=== Supplied information ===

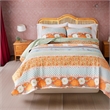 Benjara Nite 3pc King Quilt Set-Calico Floral Songbird Pattern-Cotton Microfiber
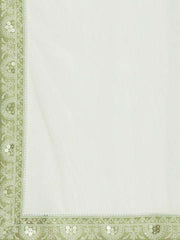 Green & White Embroidered Thread Work Semi-Stitched Lehenga & Unstitched Blouse With - Inddus.com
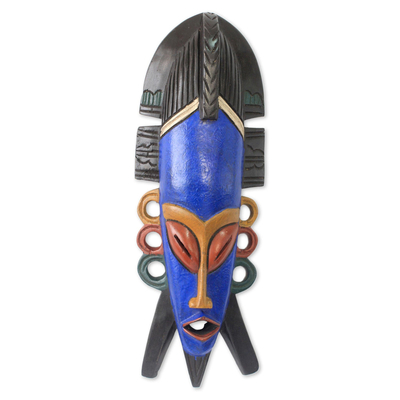 Máscara africana de madera, 'Soyeya' - Máscara africana original tallada a mano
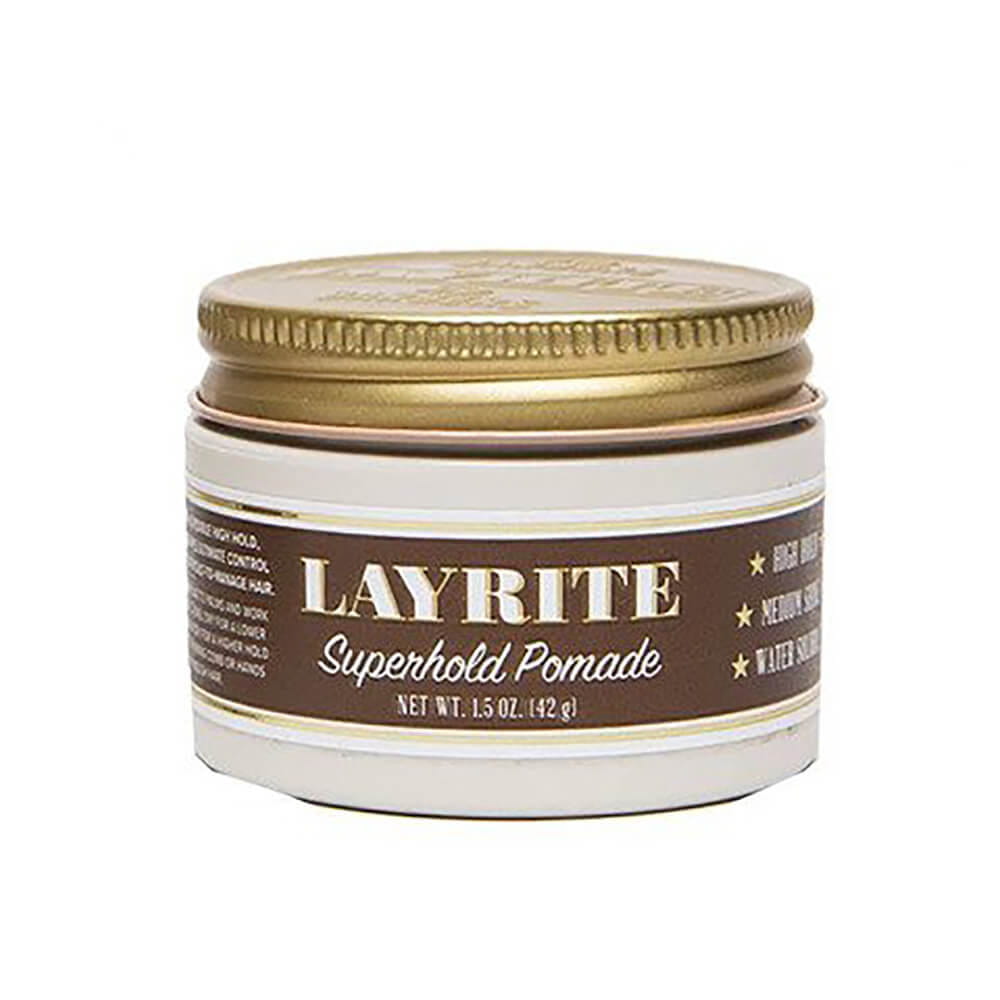 Помада для волос Layrite Superhold Pomade очень сильной фиксации, средний блеск, 42 г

===

Print the listing verbatim, images excluded.

 Benjara Nite 3pc King Quilt Set-Calico Floral Songbird Pattern-Cotton Microfiber
 Green & White Embroidered Thread Work Semi-Stitched Lehenga & Unstitched Blouse With - Inddus.com
 Máscara africana de madera, 'Soyeya' - Máscara africana original tallada a mano
 Помада для волос Layrite Superhold Pomade очень сильной фиксации, средний блеск, 42 г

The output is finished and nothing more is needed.